Wednesday, October 26, 2011

Vietnam lawmaker bans the officials from golf

Vietnam's roads are getting more jammed by the day, the traffic accident rate is one of the highest in Asia and infrastructure bottlenecks are crippling an economy that is already in crisis.

But investors and citizens need not fear. Dinh La Thang, Vietnam's swashbuckling new transport minister, has the solution: banning officials from playing golf, even at the weekend.

The transport ministry said on its website that some senior officials were spending too much time on the putting green and, as a result, were under-performing at work during a difficult period for the Vietnamese economy.

Since the Communist government started to open up the economy in the late 1980s, golf has become increasingly popular with senior officials and businessmen in Vietnam, as in neighboring China.
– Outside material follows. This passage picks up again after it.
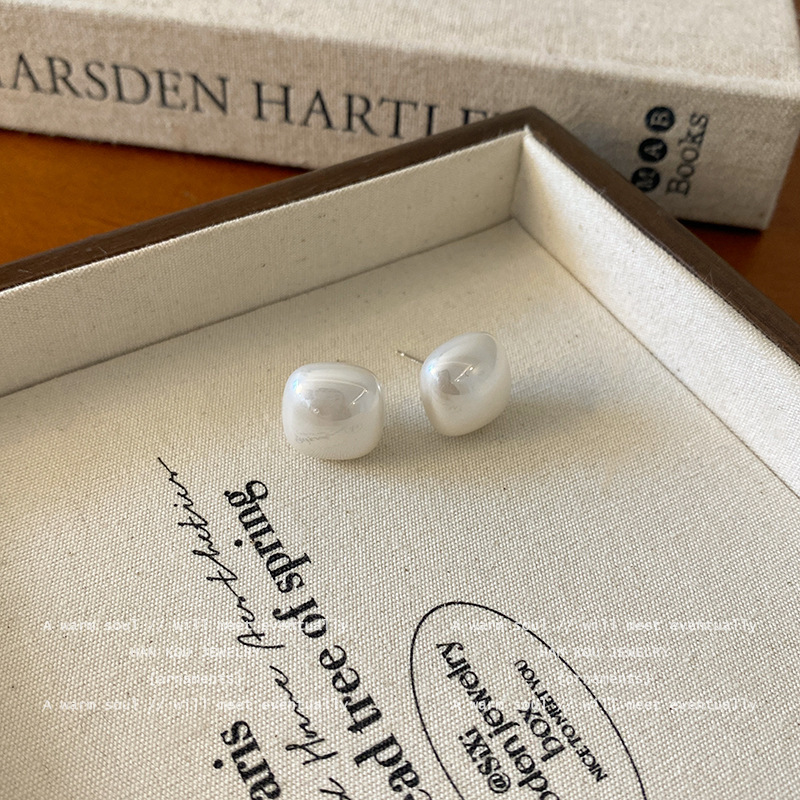 화이트 스퀘어 펄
Golf courses have sprung up across the country, raising concern about the rapid loss of agricultural land for developments that only benefit a handful of investors and well-heeled golfers.
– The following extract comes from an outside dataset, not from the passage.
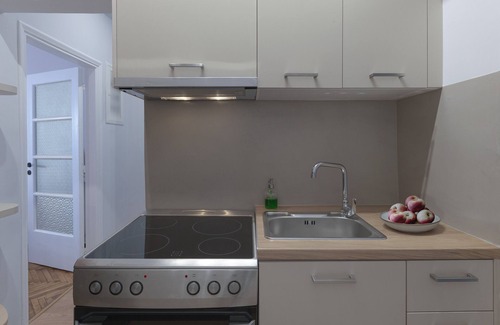 Kypseli Apartment | Spetsopoulas8- New stylish apartment near St. Geo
In Vietnam's consensus-based political system, ministers used to prefer hiding in the shadows, operating as anonymous power brokers deferring to the all-powerful and highly secretive Politburo. But, as analysts like Carl Thayer at the Australian Defence Force Academy have noted, Vietnam's government has been slowly moving from collective responsibility to a form of ministerial responsibility, albeit with little public accountability.
Since he took over as transport minister in August, Thang, who used to head PetroVietnam, Vietnam's state-owned upstream oil and gas monopoly, has been trying to raise his profile with a number of headline-grabbing initiatives and sound-bites.

In a country obsessed with private transport -- whether it be the ubiquitous scooter or the rapidly-growing number of cars -- and increasingly afflicted by traffic jams, he ordered senior staff to use the bus once a week.
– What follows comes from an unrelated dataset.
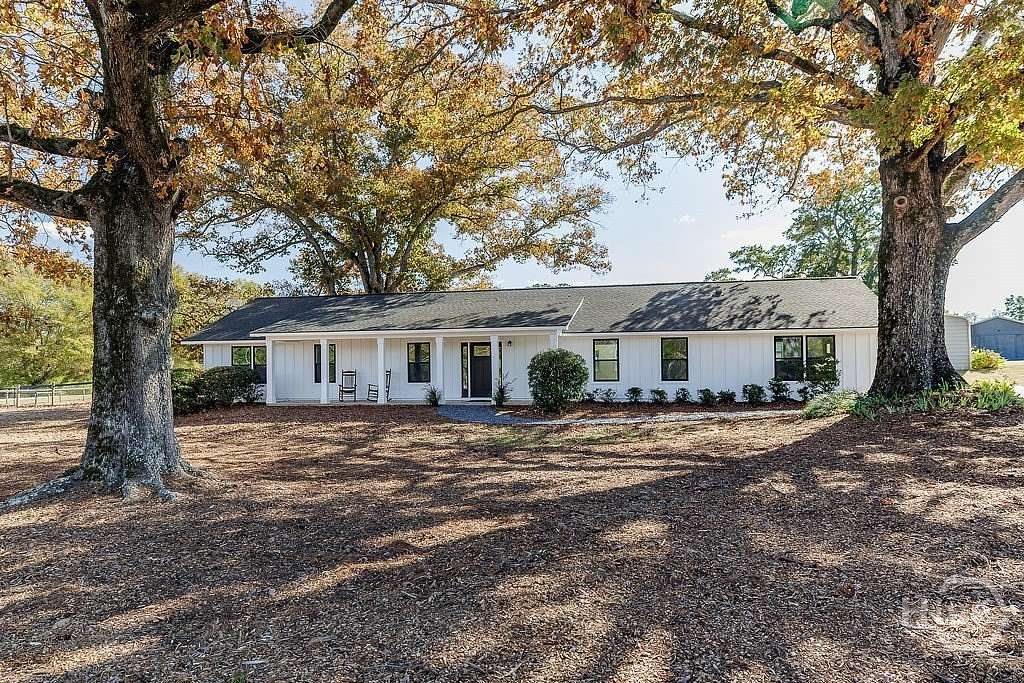 6 Acres of Land with Home for Sale in Bishop, Georgia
He also booted out the official in charge of building a new international airport terminal in the resort city of Danang, central Vietnam, because of the slow pace of construction.

While it may seem laughable to some, any officials considering flouting Thang's golf ban would be well advised to think again.

The head of the transport ministry's organization department, a key Communist party-controlled unit responsible for internal monitoring and promotions, warned that his spies will be out watching for bourgeois recidivist golfers.

"We will have many secret methods to supervise how staff will follow the minister's regulation," Pham Tang Loc told Tien Phong (Pioneer) newspaper. "In this very difficult time, senior officials should concentrate on completing important projects rather than spending time playing golf. It's a waste of money and time and they even use their government-provided cars for this."

Loc talks a tough game but, as with every regulation in Vietnam, there's always a way around. Officials may not be allowed to tee off any more but no-one said anything about other pastimes popular with male government officials, such as drinking, visiting karaoke parlors and brothels and tennis.